Chapter 4 Aleys

Aleys

Damme

As the days grow long, Aleys finds she understands the priests better than they understand themselves.

She cringes as their village pastor stumbles through the readings.

The Latin syllables wash over the rest of the congregation like a cleansing burble of river water over a bed of stones, but not Aleys.

She wants to correct the priest—he stresses all the wrong words—but she can’t explain how she knows, so she bites her tongue. Finn is her secret.

But then their priest takes ill, and a substitute, one of the Franciscans, is sent from Brugge.

Everyone is impressed by the wandering friars who strive to live like Christ’s apostles.

Everyone watches to see if they can succeed with so little; there are those who take bets whether they’ll survive another year.

The friars own nothing but the robes on their backs and the bowls in their hands.

They’re the begging preachers that Papa admires.

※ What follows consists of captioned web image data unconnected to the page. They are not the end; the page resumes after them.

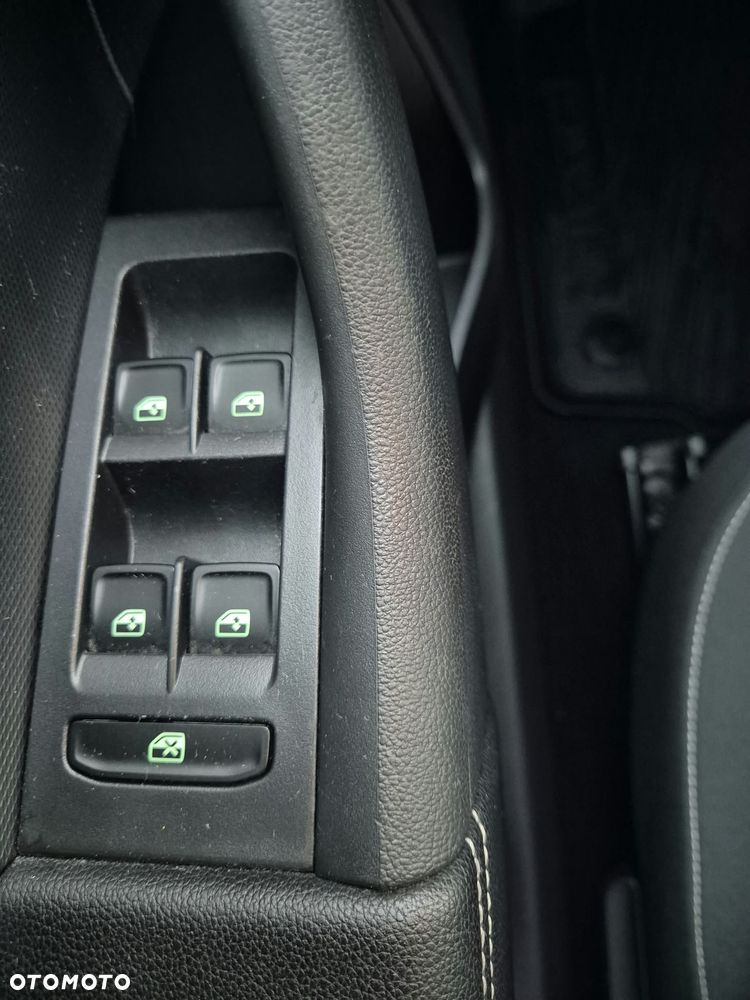Skoda RAPID 1.6 TDI DPF Ambition - 20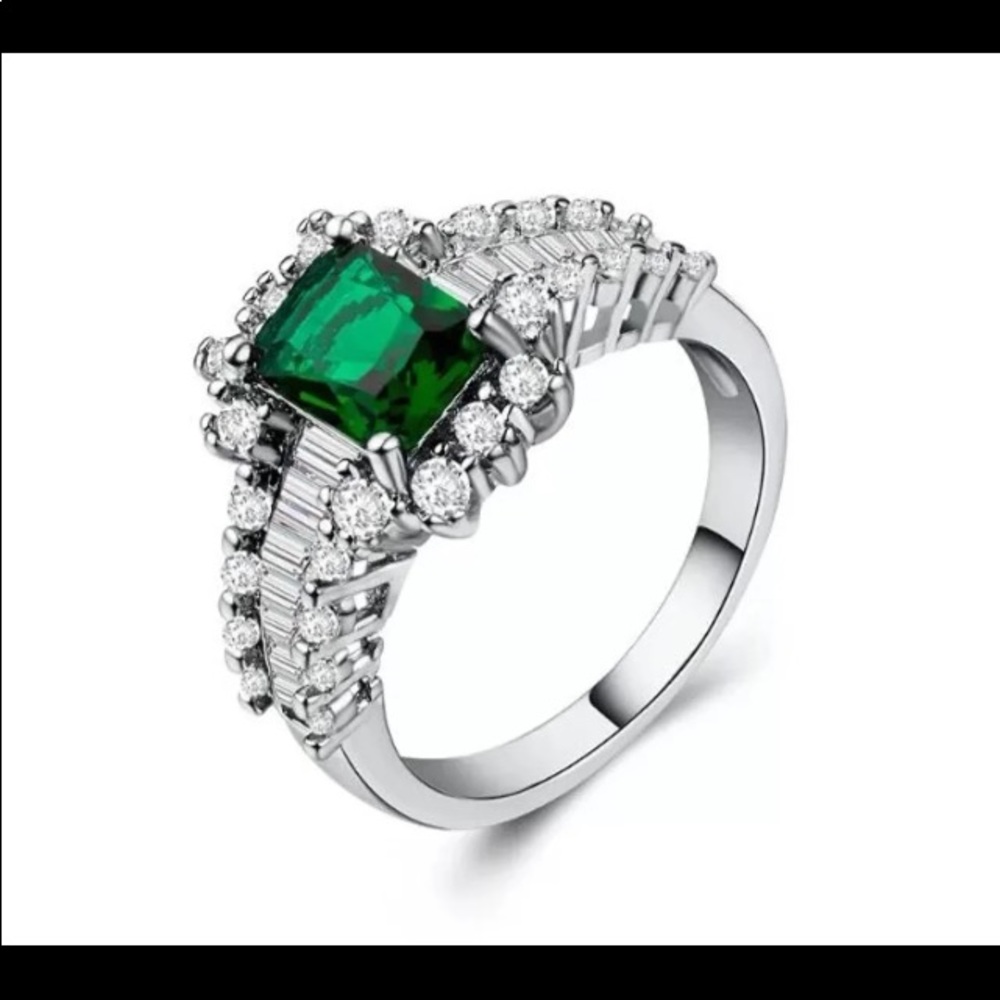 925 Silver Princess Cut Emerald Ring
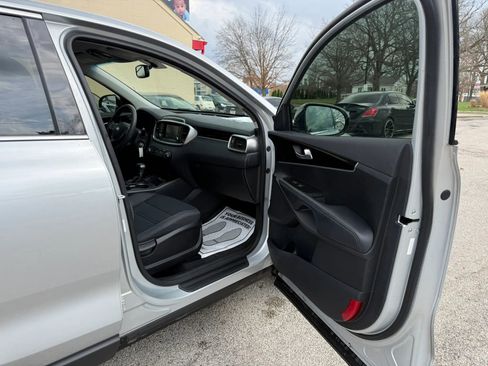 Used 2019 Kia Sorento L image 19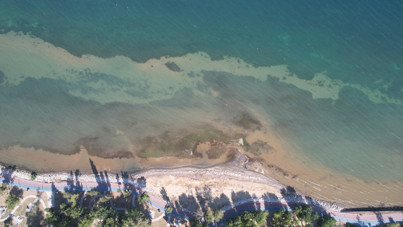 Deniz suyu 5 metre çekildi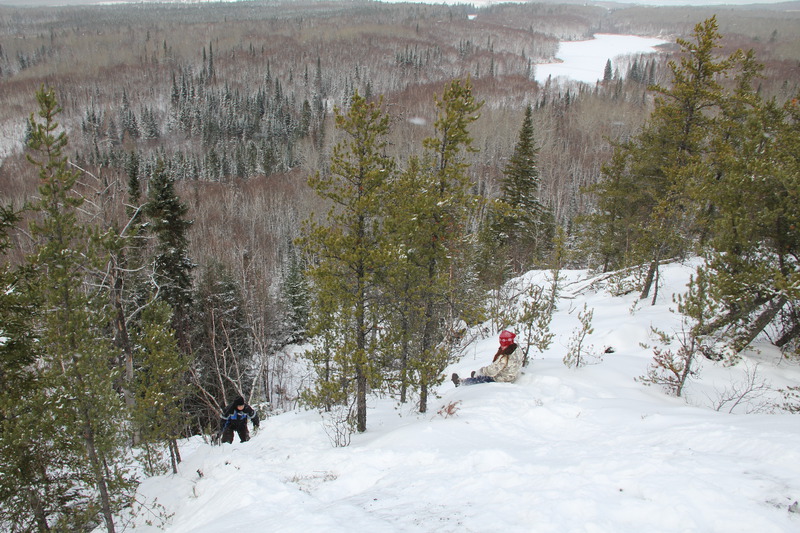 Les joies de l'hiver, c'est aussi la glissade! Toutes les pentes sont à essayer!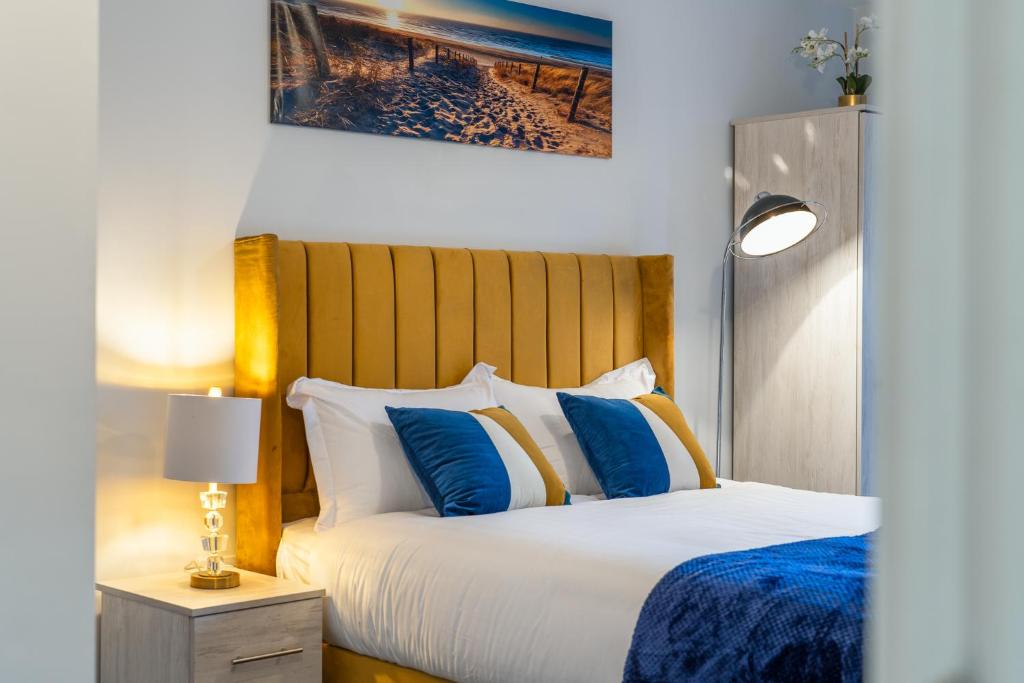 伯明翰Birmingham City Center - Luxury Stay 86的一间卧室配有一张带蓝色和白色枕头的床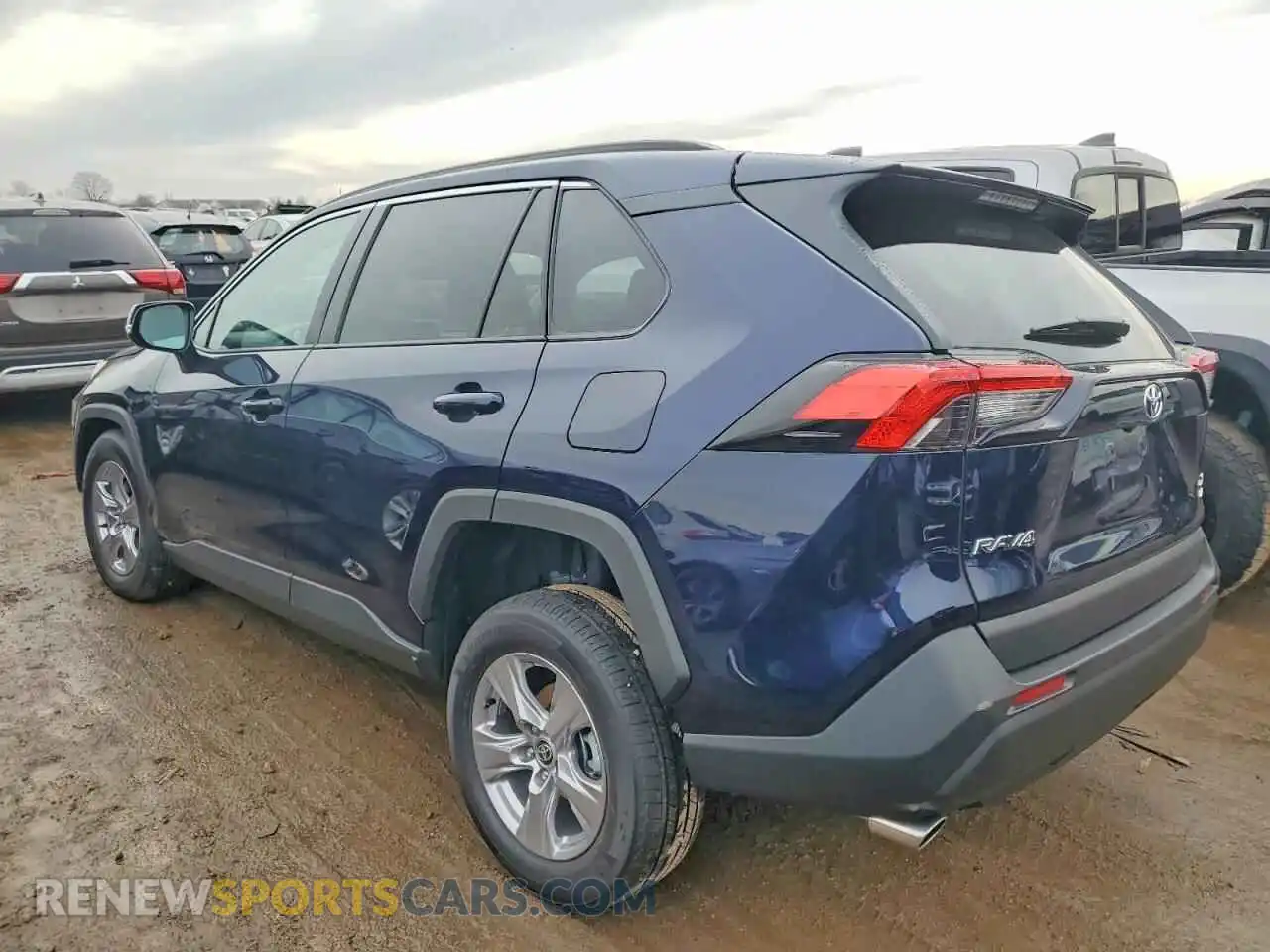 2 Photograph of a damaged car 2T3P1RFV0SW598348 TOYOTA RAV4 2025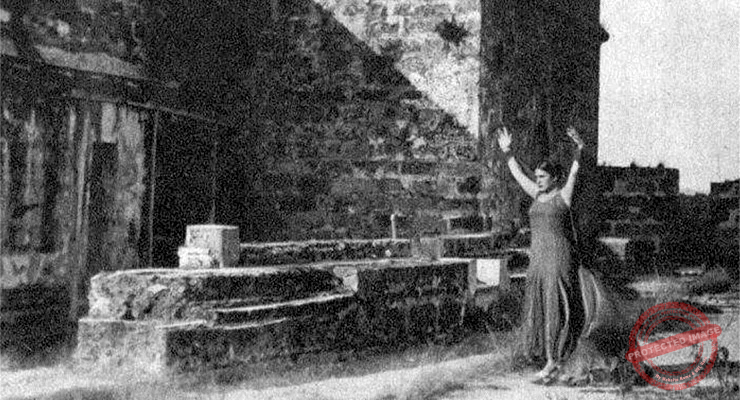 Graziella Garbalosa poeta y autora de “Ninfas, Sueños y Cisnes” en Cienfuegos (Ca. 1930).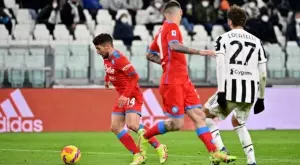 {{ otherArticle[0].article.title }}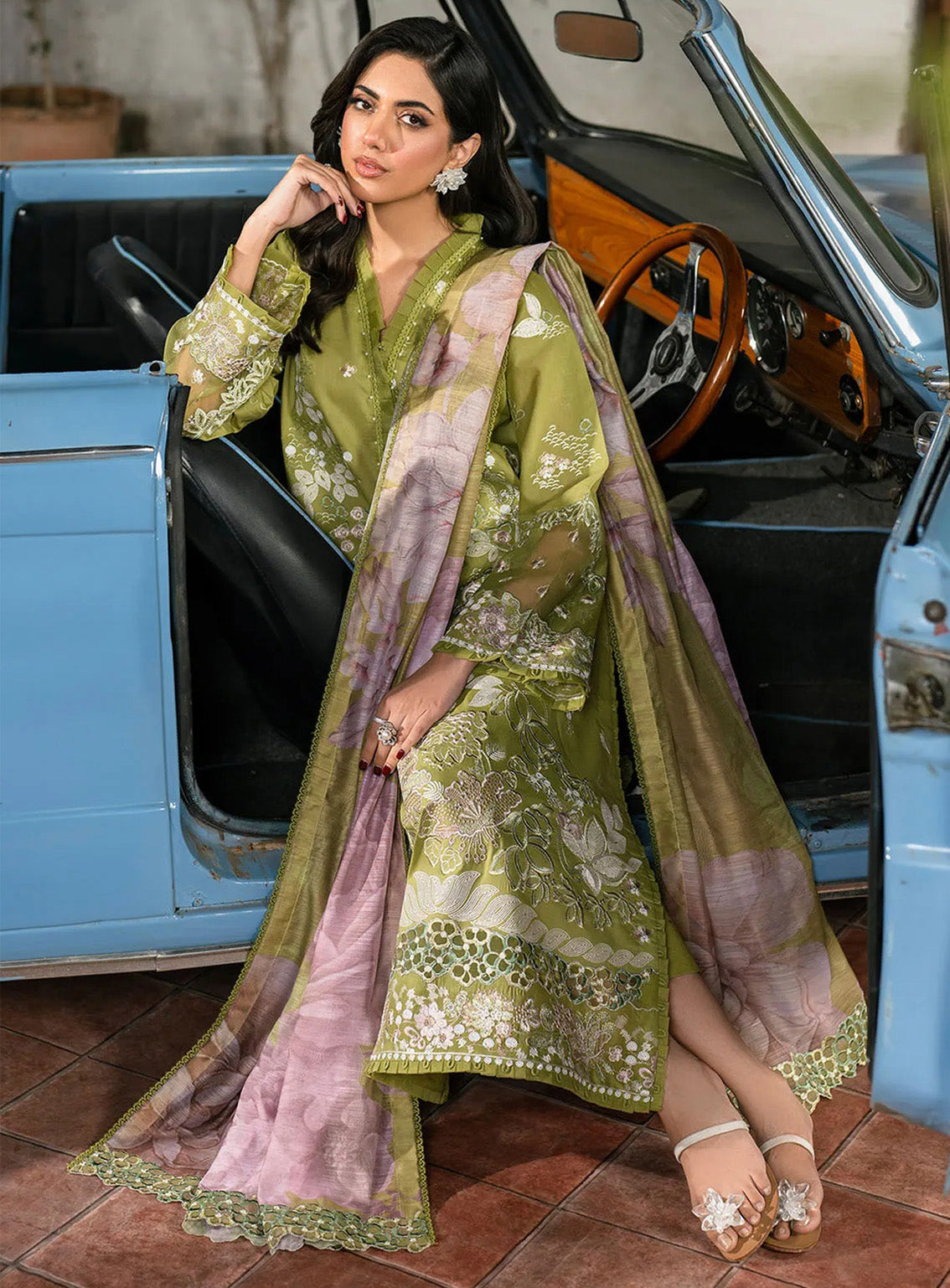 Lamhay By Zarif Embroidered Lawn 3 Piece Unstitched Suit ZF25LEL D-03 HIRRAM Lamhay By Zarif Embroidered Lawn 3 Piece Unstitched Suit ZF25LEL D-03 HIRRAM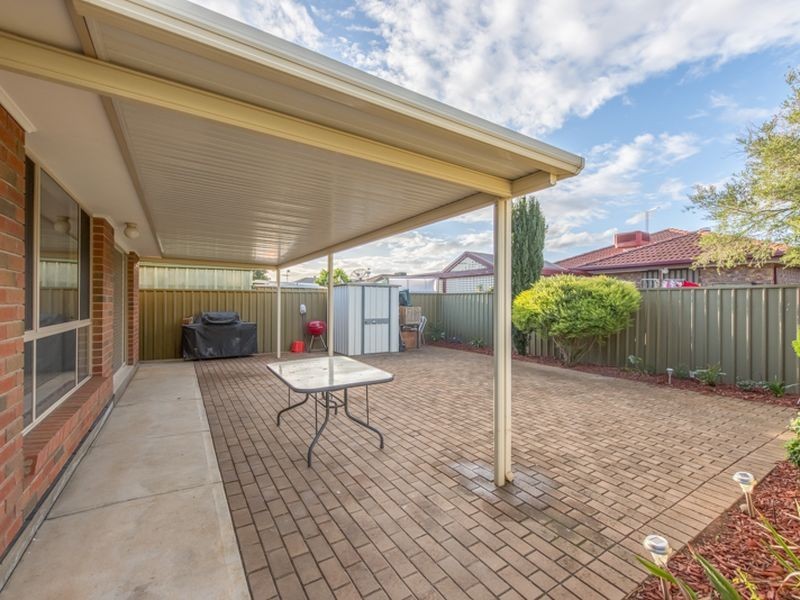 10 Liepin Close, Andrews Farm SA 5114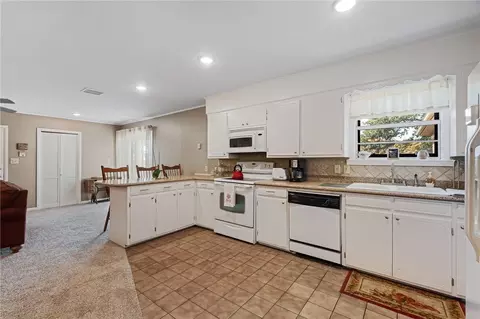 Kitchen - 4725 E Highway 64, Alma, AR 72921 photo 2 of 3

No monastery lands. No vineyards. They collect no rents and no taxes, not like the bishop’s priests, who grow fat on fees for baptisms and burials, whose trade in indulgences is so brisk that rich patrons purchase forgiveness before they even commit their sins.

Claus and Henryk bought discounted pardons from a priest in the next town, stocking up for a life of depravity.

“Miserere mei,” Henryk intones piously, rehearsing.

No, the friars are different. They’re like the common people. That’s why she loves them. Why everyone loves them.

So the parishioners of Damme welcome this visiting friar, who they say leads his order in Brugge.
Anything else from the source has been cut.